Maybe you haven’t hit this wall yet, but you probably know a few teachers who have. They’re easy to spot. They make their way slowly–heads down–from the parking lot to the classroom to begin their self-imposed incarceration. When the bell rings at 3 o’clock, they dash to their cars yelling, “Free at last!” No one loves a Friday dismissal before spring break more than these exhausted veterans.
There are a lot of articles on teacher burnout. Many offer strategies such as leaving schoolwork at school, eating healthier meals, exercising more frequently to reduce stress, and getting more sleep…just to name a few. I don’t disagree with any of these, but I’d like to share a different perspective gleaned from my research on the mindsets of happy and successful people.
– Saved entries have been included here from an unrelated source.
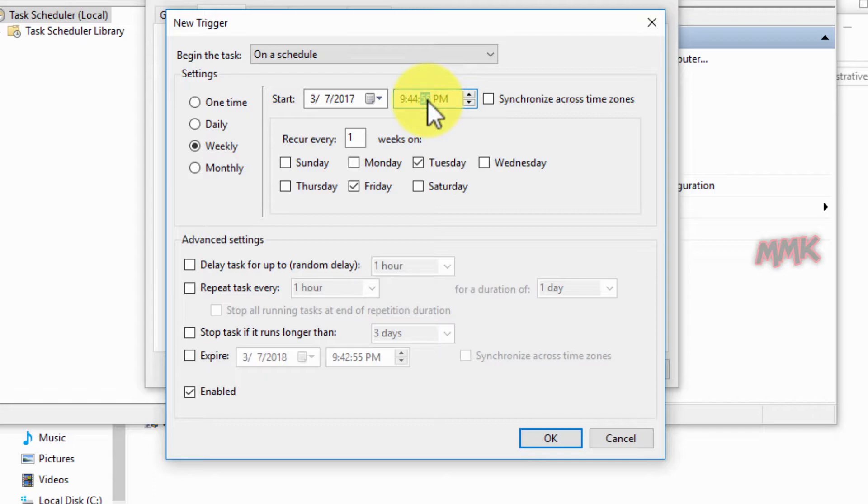Okay, I set it weekly, every Tuesday and Friday at 9:44 p.m.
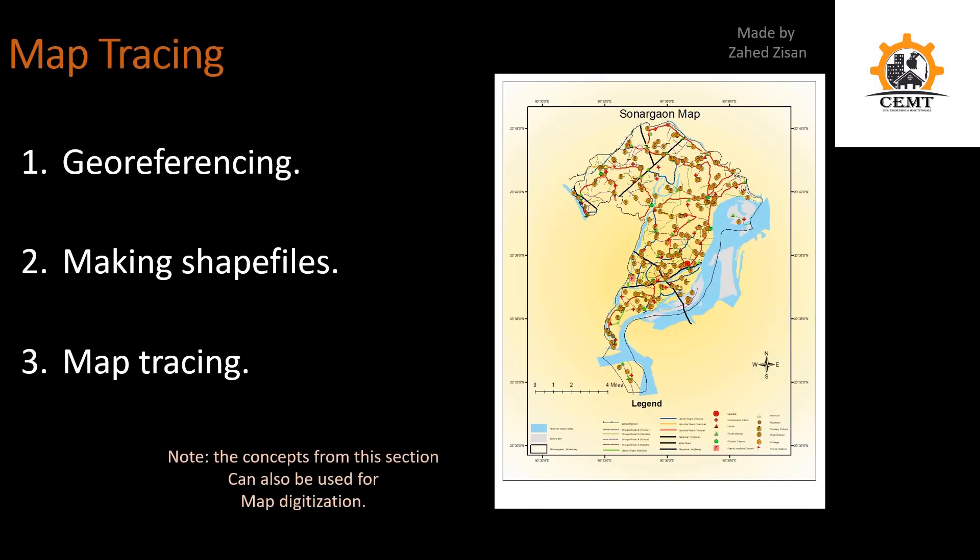The next section is on Map Tracing. We'll learn georeferencing — giving an image geocoordinates — and then how to make shapefiles and trace maps. This also applies to map digitization: if you have an old hand-drawn map, you can photograph it, georeference it, create shapefiles from it, and produce a fully digitized map with coordinates that supports analysis and many other uses.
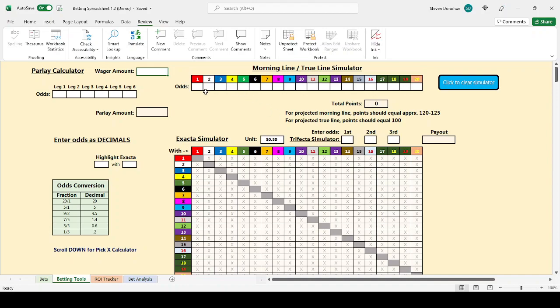The first is a parlay calculator. This is just a simple device for seeing how much would I expect the payout to be if I were to parlay a certain amount across races. So for example, let's say I were to make a $2 bet.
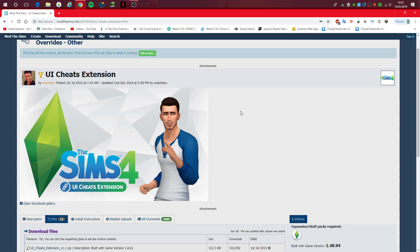Hello guys, MiddletonPlays here, and welcome to my tutorial video on how to install UI Cheats extension mod for The Sims 4.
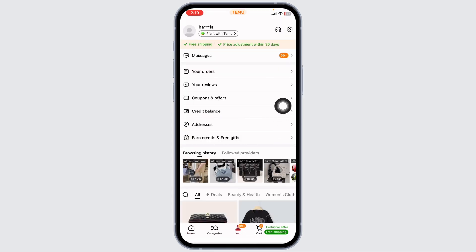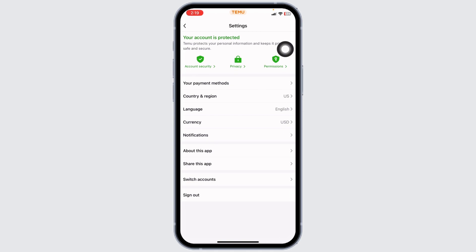Now, at the top right corner, you will find this icon. Click on it. With that, you will land on the settings page. Now, hit towards this option of your payment methods.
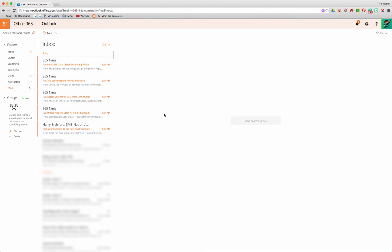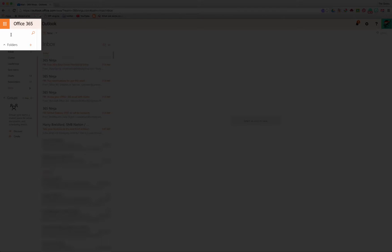So for starters we're here in our inbox and say I've just signed in and I want to search for a specific email. All I have to hit is Alt and then the Q key and you can see that the cursor here is blinking ready for me to search.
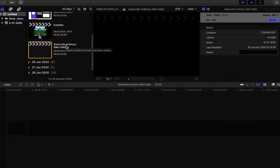In this video I'm going to be showing you how to save space within Final Cut Pro X. In order to do that, the first thing we need to do is import some media, and we're going to do this through the import window.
Learn the 5 keys to avoiding teacher burnout
1. The Queen Bee lives longer – Worker bees have a typical life span of 1-4 months, while queen bees live for 2-5 years. They both play important roles in the hive, but I’m using this analogy to demonstrate a point. Being busy is not necessarily being productive. A worker bee has a very long to-do list, while the queen only has a few important items to accomplish each day. Many successful teachers have lengthy to-do lists that keep them busy into the late hours of the night with tasks such as grading papers and preparing lesson plans. The goal is to outwit teacher burnout, so you can do what you love for a longer stretch of time. Embrace the 80/20 rule which states that 20 percent of what you do is responsible for 80 percent of your results. With this in mind, turn your to-do list into a to-day list and narrow it down to the three most important things you need to accomplish each day. Recognize that if you focus on these things, you’ll be very effective and will last long enough to see your students succeed years after they leave your classroom.
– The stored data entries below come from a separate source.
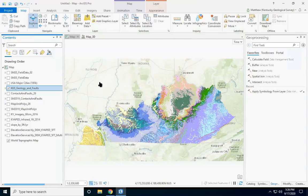Topography is basically the shape of the earth's surface, and a lot of the surficial deposits in Kentucky are often associated with specific locations on the earth's surface.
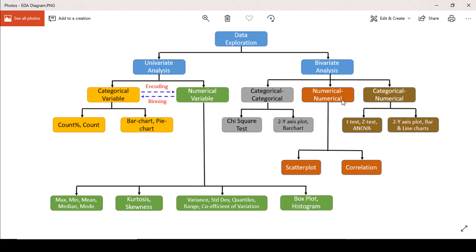If we have many numerical variables in a dataset and want to see the relationship of one variable with another two at a time in one go, we can use a technique called scatter plot matrix. A scatter plot matrix is plotting several scatter plots together showing their relationships with one another. Through a scatter plot, we try to find out if there is a linear or non-linear relationship between two variables.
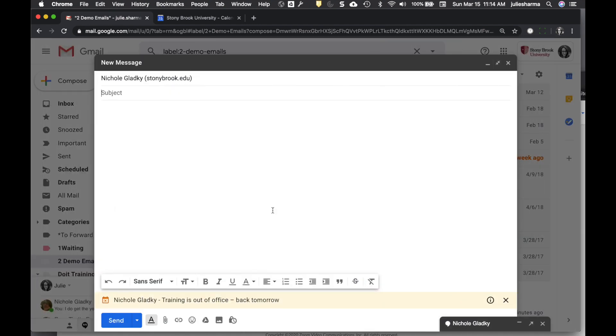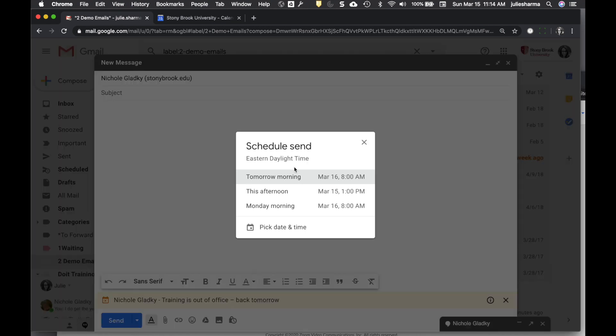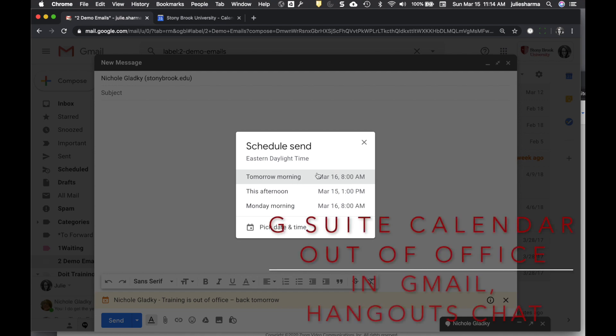But it's a great way to know that you maybe shouldn't send an email right now. And if you see this note and that the person will be back tomorrow, you can always use this Schedule Send feature to send the email when you know they're going to be back instead.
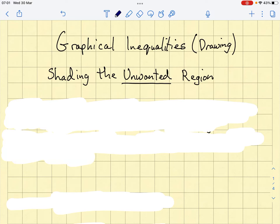Hello, Mr. Westwater here, about to take you through how to draw graphical inequalities. There are a lot of videos out there talking about how to show graphical inequalities where you end up shading the region you want. In this video I'm going to show you how to do it, but this time we're going to shade the unwanted region, leaving the required region.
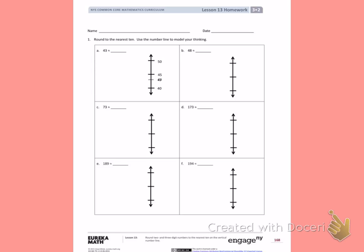Number 1: Round to the nearest 10. Use the number line to model your thinking.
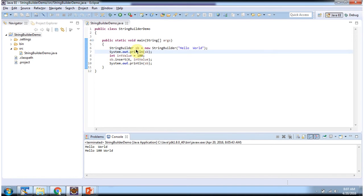Here I have created StringBuilder object. Content of the StringBuilder is hello world.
2. A gratitude hack that actually works – You’ve heard many times the importance of having an attitude of gratitude, but of course, that’s not always easy to maintain. When my boys were younger, one of their favorite books at bedtime was Goodnight Moon. It helped put them at ease at night, and they usually slept better. As adults, many people go to bed thinking about everything they have to do the next day, and sometimes, even reflecting on the challenges they had that day. So here’s a technique to try that I call “Goodnight Gratitude.” Spend 37 seconds while lying in bed at the end of your day to quietly think about a few things for which you are grateful. Then drift off to sleep and marinate in the warm feeling you get when you express gratitude. You’ll sleep better and start your day feeling more refreshed and energized.
3. One leadership trait that backfires for teachers – Good leaders know the importance of independence and being able to accomplish goals without having to rely on others. It’s a character trait that seems to help many of them make their way to the top. Great leaders, however, know that if they can accomplish their dreams alone, they’re not dreaming big enough. Teaching is one of the most important professions there is, but being a teacher can often feel very isolating–especially if you work by yourself in a classroom most of the day. Some people grow up believing that asking for help is a sign of weakness–an indication that you simply aren’t good enough to do it on your own. This solo approach can lead to burnout because of how difficult and taxing it becomes. Embrace the We Are Connected mindset instead and find one or more teachers to brainstorm with on lesson plans, activities, class projects, and to simply offer each other support. You’ll quickly realize that you aren’t in this profession alone, and your teaching prowess will improve as well.
4. Pursue your passions – I have a hunch that you didn’t become a teacher for the money, but rather because you’re passionate about making a difference. For you, a life of success can be defined as a life of significance. You want your work to matter, and you believe wholeheartedly that what you do improves the lives of your students and ultimately, society. Teaching is your love, but give yourself and your students the gift of pursuing other passions you have as well. Take a cooking class, learn to play the guitar, diversify the books you read, go for a weekend hike, and possibly even start a small business. Following your other passions will keep you energized and balanced. Sharing these passions with your students will create an even stronger bond with them and connection to teaching.
5. Don’t just go through life…grow through life – You already understand the importance of education better than most, so don’t allow your approach to become stale. Refresh your lesson plans, research and try new methods, embrace technology in the classroom, and, generally speaking, become a more progressive educator. If you’re not already in a leadership position, stretch yourself and try aiming for one. If you’re in a school that is stuck in the past, try to help move them toward the future. If you continually hit a brick wall, find another school or leader who inspires you to effect real change. Being a part of the educational renaissance will fire you up and leave little opportunity for burnout. With student dropout rates and teenage depression on the rise, we need you in the game now more than ever!
Give one or more of these 5 keys to avoiding teacher burnout a try, and let me know if they make a difference for you. I’d love to hear strategies that work for you!